「ウチと亜紀ちゃんって友達?」
「アタシに聞くなよ」
「誰に聞けば良いのー?あ、奈々ちゃんと沙織ちゃんとも仲良くなりたいなー」
永原は奈々に嫌われてる。
もし、近づいたりしたら・・・
奈々は確実に永原をいじめる。
「奈々ちゃんってさ、目力凄いよね!」
「あのさ、永原。あんま・・・アタシ達に関わらないでくれる?」
「関わってるのは亜紀ちゃんの方でしょ?妹を助けてくれたし、さっきも手伝ってくれた。
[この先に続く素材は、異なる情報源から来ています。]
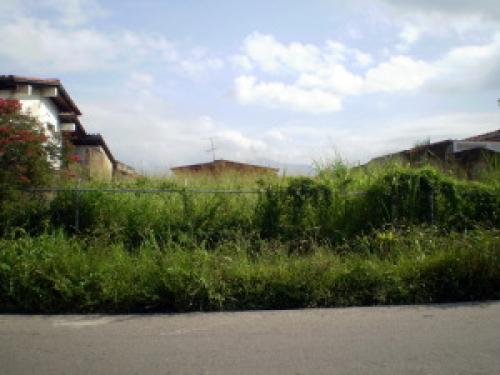 Terreno en Venta Trigal Norte Edo Carabobo 12-4602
一緒に帰ろって言ったのは亜紀ちゃん」
言われてみれば・・・納得してしまった。
永原は笑っている。
「私が生きたい理由・・・亜紀ちゃんだけに教える」
「別に興味ないし」
アタシがそう言うと、永原は鞄の中から
封筒を取り出し、それを渡された。
「何の封筒?」
「空けて」
「じゃあ・・・」
言われた通りに封筒を空け、
中の紙を取り出した。
一瞬目を疑った・・・まさか、永原が。
「骨に腫瘍が見つかったの。良性だって」
「・・・治療すれば治るんだろ?」
「治療はしない。お金に余裕が無いから」
「じゃあ、死ぬのを待つのか?」
「ううん。お金貯めて、治療が出来るようになるまでは、絶対死なない。生きないと・・・真里が1人になっちゃう」
ただ生きたいと願うよりも、
過酷な願いを秘めていた。
いつ死ぬか分からないのに、
永原はいつも笑っている。
その裏にはいつも苦しみがある。
微かに思い始めていた。
永原のそばにいて、支えになりたい。
友達になりたい。
「クラスの皆とかには・・・」
「口堅いから」
永原はありがとうと呟いた。
「家こっちだから、またな」
この時からかもしれない、
アタシが変わり始めたのは。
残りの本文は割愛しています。